### Source records
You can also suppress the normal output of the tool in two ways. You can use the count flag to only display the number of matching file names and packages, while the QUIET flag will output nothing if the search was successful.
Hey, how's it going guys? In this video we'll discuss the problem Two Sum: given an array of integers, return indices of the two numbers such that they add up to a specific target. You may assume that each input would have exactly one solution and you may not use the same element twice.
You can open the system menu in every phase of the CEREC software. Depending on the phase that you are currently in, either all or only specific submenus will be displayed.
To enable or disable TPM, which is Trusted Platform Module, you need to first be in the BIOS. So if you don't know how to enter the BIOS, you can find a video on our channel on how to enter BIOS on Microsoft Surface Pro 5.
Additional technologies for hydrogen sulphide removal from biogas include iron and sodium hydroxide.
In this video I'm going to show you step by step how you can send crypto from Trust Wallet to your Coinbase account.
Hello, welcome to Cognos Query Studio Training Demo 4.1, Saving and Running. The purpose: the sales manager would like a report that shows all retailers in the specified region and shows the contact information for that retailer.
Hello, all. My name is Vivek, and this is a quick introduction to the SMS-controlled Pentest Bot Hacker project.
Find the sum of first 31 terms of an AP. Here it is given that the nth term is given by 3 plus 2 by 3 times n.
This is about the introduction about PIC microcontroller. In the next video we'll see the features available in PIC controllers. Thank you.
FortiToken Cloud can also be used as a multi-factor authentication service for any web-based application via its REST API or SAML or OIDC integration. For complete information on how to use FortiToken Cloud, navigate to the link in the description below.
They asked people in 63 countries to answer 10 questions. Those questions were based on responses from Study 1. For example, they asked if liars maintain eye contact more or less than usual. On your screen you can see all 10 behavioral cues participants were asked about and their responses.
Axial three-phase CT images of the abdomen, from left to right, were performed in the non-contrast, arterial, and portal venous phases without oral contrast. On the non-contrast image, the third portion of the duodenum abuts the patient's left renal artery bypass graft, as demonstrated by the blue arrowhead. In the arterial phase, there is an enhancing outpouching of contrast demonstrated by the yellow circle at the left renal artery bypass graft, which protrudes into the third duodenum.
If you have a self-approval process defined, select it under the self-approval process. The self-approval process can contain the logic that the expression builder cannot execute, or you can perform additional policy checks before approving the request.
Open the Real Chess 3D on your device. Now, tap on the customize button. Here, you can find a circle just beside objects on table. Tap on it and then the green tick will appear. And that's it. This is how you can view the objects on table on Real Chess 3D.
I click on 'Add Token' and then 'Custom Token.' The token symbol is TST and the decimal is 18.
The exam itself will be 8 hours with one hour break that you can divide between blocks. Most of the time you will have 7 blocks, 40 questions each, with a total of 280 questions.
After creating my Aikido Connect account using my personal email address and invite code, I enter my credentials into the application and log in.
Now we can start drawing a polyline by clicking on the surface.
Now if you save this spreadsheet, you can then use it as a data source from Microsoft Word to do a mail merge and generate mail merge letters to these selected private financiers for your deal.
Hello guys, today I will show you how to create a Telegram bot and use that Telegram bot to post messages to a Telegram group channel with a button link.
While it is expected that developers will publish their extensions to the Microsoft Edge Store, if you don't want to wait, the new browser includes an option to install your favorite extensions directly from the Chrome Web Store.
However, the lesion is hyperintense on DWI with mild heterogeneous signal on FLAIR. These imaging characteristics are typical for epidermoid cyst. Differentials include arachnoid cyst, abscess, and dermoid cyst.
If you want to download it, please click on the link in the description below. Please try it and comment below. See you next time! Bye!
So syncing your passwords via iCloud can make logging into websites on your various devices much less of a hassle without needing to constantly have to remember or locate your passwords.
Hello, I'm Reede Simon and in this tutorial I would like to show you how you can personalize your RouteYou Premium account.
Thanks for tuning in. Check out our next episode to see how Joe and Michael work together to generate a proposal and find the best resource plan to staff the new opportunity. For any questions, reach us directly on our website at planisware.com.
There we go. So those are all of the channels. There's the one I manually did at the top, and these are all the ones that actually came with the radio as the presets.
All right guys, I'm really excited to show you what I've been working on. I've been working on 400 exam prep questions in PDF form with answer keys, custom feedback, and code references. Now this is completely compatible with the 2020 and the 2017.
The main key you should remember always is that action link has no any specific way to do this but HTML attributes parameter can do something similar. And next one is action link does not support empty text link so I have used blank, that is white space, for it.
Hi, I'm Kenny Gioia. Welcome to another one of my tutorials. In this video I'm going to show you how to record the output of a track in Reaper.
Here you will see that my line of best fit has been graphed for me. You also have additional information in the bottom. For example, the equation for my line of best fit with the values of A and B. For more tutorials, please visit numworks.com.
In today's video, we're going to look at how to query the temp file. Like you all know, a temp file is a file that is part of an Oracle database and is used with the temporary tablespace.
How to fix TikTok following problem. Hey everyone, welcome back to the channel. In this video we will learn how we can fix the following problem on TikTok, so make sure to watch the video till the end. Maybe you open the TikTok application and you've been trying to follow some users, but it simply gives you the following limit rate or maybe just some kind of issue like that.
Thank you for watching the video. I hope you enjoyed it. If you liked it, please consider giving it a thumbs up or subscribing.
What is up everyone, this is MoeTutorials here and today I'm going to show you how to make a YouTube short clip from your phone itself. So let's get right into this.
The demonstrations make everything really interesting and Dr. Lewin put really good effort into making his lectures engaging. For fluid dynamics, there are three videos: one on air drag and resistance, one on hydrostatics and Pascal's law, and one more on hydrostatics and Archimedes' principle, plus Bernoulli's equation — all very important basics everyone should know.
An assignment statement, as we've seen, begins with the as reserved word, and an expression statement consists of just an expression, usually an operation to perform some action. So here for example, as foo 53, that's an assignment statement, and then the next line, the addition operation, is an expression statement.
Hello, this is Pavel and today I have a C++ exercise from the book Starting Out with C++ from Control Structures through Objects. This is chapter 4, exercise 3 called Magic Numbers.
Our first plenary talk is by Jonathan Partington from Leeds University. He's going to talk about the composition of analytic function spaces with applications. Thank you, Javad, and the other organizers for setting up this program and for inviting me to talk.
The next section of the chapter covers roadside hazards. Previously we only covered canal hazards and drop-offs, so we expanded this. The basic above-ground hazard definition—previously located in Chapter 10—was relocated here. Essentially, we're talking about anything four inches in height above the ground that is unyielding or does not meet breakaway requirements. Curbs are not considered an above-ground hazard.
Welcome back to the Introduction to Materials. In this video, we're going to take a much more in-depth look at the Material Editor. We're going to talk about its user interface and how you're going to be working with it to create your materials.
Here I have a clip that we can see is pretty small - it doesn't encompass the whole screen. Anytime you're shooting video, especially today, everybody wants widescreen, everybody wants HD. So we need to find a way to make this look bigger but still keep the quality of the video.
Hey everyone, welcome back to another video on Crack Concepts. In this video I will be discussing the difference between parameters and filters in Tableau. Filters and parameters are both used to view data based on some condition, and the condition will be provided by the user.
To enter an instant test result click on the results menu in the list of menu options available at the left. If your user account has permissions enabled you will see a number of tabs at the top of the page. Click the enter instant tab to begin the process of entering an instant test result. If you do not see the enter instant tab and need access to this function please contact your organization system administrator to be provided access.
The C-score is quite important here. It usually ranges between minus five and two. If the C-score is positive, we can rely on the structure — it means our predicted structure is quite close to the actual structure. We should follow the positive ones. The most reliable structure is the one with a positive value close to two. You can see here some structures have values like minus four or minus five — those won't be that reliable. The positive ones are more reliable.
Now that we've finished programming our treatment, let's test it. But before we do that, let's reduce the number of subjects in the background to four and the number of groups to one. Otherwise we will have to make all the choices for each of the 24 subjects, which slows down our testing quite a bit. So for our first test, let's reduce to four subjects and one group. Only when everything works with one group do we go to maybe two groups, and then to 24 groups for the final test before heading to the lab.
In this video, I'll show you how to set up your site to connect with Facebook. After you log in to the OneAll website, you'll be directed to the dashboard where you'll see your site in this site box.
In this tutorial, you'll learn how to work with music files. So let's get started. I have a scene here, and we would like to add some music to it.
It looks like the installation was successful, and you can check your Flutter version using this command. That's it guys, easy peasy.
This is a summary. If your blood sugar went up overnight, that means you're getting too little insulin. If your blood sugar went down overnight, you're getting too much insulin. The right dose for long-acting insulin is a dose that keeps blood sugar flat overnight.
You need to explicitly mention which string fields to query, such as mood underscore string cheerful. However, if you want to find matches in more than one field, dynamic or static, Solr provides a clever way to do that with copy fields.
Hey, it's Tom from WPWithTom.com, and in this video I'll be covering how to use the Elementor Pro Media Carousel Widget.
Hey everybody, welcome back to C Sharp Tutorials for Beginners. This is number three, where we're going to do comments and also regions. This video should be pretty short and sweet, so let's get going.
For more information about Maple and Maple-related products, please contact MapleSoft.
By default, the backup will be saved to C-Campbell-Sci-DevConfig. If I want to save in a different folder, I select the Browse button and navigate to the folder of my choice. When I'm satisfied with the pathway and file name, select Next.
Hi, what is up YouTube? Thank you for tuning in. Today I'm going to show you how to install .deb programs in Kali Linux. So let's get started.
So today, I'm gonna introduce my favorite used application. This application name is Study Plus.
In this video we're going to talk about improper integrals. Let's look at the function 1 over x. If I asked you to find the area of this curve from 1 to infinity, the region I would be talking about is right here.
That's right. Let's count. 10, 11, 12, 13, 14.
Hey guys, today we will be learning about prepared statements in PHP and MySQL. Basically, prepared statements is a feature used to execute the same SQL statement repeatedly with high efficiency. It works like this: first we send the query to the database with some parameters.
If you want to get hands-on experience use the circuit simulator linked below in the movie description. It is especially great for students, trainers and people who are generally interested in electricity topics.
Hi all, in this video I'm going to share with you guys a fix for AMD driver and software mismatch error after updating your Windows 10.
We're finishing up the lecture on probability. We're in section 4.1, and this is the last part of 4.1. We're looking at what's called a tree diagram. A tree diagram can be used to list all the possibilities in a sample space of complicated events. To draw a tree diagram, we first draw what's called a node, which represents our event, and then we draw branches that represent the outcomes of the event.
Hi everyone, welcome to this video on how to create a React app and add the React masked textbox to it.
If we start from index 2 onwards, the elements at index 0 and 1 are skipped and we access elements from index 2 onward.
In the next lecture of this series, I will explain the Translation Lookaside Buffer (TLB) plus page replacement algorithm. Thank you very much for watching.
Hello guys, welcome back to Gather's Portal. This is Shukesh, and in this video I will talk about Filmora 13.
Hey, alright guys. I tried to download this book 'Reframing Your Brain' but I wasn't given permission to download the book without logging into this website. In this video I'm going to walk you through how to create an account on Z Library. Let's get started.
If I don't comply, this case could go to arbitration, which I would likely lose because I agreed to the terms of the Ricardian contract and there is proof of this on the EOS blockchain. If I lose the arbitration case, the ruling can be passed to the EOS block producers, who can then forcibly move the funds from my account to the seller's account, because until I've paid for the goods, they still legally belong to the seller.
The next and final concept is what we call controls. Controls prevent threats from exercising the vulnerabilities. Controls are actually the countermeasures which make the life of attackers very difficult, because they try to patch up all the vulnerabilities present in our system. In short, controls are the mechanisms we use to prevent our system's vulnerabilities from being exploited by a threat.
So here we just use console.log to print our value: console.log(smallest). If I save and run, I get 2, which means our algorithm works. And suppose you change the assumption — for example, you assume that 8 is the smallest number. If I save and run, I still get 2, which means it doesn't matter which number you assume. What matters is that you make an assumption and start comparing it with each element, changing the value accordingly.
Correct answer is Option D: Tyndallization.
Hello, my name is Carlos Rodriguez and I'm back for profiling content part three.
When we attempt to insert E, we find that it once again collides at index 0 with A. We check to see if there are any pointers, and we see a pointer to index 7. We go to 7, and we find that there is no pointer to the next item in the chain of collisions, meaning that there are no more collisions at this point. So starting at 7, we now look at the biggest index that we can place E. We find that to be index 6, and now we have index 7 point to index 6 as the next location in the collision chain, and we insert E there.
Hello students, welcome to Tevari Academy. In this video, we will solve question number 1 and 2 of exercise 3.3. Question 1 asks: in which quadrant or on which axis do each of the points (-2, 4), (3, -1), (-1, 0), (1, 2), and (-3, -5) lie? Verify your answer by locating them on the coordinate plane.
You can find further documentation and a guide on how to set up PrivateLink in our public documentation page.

### Task statement
Retype exactly the lines of the data above that fall between the line with "So today, I'm" and the line with "That's right. Let's", inclusive, and add nothing.

### Written solution
So today, I'm gonna introduce my favorite used application. This application name is Study Plus.
In this video we're going to talk about improper integrals. Let's look at the function 1 over x. If I asked you to find the area of this curve from 1 to infinity, the region I would be talking about is right here.
That's right. Let's count. 10, 11, 12, 13, 14.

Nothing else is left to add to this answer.